“This is the 23rd day of my participation in the November Gwen Challenge. See details of the event: The Last Gwen Challenge 2021”.

preface

Using Python to realize the air quality data analysis and visualization of Beijing, Shanghai, Guangzhou and Shenzhen in 2018. Without further ado.

Let’s have a good time

The development tools

Python version: 3.6.4

Related modules:

Requests the module

Numpy module

Pandas module

Pyecharts module;

And some modules that come with Python.

Environment set up

Install Python and add it to the environment variables. PIP installs the required related modules.

Web analytics

Annual AQI trend chart of Beijing, Shanghai, Guangzhou and Shenzhen

Here is a simple popular science about AQI, PM2.5 knowledge

Extract the data

Get data code

import time
import requests
from bs4 import BeautifulSoup

headers = {
    'User-Agent':'the Mozilla / 5.0 (Windows NT 6.1; WOW64) AppleWebKit/537.36 (KHTML, like Gecko) Chrome/63.0.3239.132 Safari/537.36'
}
for i in range(1.13):
    time.sleep(5)
    Convert 1 to 01
    url = 'http://www.tianqihoubao.com/aqi/tianjin-2017' + str("%02d" % i) + '.html'
    response = requests.get(url=url, headers=headers)
    soup = BeautifulSoup(response.text, 'html.parser')
    tr = soup.find_all('tr')
    # Remove the TAB bar
    for j in tr[1:]:
        td = j.find_all('td')
        Date = td[0].get_text().strip()
        Quality_grade = td[1].get_text().strip()
        AQI = td[2].get_text().strip()
        AQI_rank = td[3].get_text().strip()
        PM = td[4].get_text()
        with open('air_tianjin_2017.csv'.'a+', encoding='utf-8-sig'as f:
            f.write(Date + ', ' + Quality_grade + ', ' + AQI + ', ' + AQI_rank + ', ' + PM + '\n')
Copy the code

Data Obtained Successfully

Let’s start with Tianjin

AQI annual trend chart

92.5 is the average annual AQI value. As can be seen from the above popular science knowledge, tianjin’s overall air quality in 2017 is only at the lower level of “good”, close to mild pollution.

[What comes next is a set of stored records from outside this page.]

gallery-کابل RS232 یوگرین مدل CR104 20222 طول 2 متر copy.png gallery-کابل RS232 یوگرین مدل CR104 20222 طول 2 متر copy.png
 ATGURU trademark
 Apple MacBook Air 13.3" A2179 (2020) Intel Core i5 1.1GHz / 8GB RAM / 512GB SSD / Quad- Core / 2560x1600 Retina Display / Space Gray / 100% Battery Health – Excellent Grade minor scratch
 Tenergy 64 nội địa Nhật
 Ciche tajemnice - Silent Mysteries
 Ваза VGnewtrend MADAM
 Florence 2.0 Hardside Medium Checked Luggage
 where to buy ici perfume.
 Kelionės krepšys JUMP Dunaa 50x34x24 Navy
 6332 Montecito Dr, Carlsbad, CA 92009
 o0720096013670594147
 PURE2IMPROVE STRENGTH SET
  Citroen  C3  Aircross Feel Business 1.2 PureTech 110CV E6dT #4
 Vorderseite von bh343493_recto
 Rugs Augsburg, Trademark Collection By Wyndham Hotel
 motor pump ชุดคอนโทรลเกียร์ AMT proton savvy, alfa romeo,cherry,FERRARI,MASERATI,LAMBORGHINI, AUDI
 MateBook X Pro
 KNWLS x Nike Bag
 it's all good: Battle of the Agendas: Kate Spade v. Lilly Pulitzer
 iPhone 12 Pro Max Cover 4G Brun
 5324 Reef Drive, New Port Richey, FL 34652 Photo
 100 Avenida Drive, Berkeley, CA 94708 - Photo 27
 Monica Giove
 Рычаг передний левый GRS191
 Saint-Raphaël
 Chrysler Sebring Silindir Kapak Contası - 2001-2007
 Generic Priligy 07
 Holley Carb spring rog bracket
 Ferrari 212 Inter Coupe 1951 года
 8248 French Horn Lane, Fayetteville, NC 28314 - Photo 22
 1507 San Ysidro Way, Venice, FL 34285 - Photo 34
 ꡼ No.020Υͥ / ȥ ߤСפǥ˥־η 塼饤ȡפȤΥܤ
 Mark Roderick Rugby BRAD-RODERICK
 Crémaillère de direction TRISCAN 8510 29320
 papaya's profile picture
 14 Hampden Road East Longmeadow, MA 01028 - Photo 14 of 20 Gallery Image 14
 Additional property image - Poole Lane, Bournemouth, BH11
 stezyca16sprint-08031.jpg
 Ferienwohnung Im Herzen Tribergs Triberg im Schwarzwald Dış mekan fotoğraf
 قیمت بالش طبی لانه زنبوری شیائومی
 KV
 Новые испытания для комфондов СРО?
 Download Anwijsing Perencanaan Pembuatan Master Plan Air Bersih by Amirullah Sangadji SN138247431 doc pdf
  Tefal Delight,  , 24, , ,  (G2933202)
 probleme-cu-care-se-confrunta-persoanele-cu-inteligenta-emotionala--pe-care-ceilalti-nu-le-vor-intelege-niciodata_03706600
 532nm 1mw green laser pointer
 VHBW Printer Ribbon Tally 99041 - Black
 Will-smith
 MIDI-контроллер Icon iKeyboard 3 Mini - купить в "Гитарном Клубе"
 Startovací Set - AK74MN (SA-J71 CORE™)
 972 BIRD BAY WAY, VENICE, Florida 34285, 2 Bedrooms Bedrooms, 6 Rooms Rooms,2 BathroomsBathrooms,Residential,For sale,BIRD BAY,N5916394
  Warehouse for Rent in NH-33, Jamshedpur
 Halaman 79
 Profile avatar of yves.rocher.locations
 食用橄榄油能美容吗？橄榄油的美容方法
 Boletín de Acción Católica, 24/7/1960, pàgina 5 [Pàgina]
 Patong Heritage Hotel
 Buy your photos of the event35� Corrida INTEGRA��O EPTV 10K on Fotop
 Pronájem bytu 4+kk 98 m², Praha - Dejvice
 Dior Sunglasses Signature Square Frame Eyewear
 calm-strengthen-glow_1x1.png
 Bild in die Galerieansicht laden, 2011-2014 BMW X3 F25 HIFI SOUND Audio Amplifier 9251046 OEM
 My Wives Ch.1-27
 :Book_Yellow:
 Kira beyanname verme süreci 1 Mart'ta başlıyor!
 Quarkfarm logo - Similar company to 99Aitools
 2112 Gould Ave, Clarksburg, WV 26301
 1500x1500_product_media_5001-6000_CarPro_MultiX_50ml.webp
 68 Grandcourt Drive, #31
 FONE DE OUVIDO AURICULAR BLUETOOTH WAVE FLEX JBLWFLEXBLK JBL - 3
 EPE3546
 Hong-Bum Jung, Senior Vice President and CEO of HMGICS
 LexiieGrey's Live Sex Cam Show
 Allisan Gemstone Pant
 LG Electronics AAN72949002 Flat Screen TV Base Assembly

Monthly trend chart of AQI

From the monthly chart, we can see that the air quality in January is the worst, and the air quality in August is the best. When it is not very good, it is at best a “good”!

AQI quarterly box chart

Box chart, a statistical chart showing a set of data dispersion data.

There are maximum, minimum, median and two quartiles in the data.

It can be seen that the quarterly AQI mean difference of Tianjin in 2017 is not very large.

But there are obvious fluctuations in the first, second and fourth quarters, and the air quality sometimes becomes very bad.

Annual trend chart of PM2.5

59.87 is the average annual PM2.5 level, which is well above the second-level national limit of 35.

In fact, tianjin gave me the impression that the weather is often gray, often change a little color, such as yellow ~

It rains only a few times a year and is extremely dry. So the lowest value is 11.

Monthly trend chart of PM2.5

Similar to AQI, the highest in January and lowest in August.

PM2.5 quarterly box chart

Basically, it exceeded the standard in four quarters, and it’s only a few times a year.

Calendar chart of PM2.5 index

The average daily PM2.5 level 2 national standard is 75, and the heat map above shows that light pollution is more than half.

Annual air quality in Tianjin

“Good” and “light pollution” accounted for the majority, “excellent” can only shiver in the corner, enough to illustrate the poor air.

Let’s take a look at Beijing, Shanghai, Guangzhou and Shenzhen

Annual AQI trend chart of Beijing, Shanghai, Guangzhou and Shenzhen

Annual air quality in Beijing, Shanghai, Guangzhou and Shenzhen

Shenzhen is almost “excellent” and “good”, Shanghai and Guangzhou are the same, Beijing has a lot of “excellent”.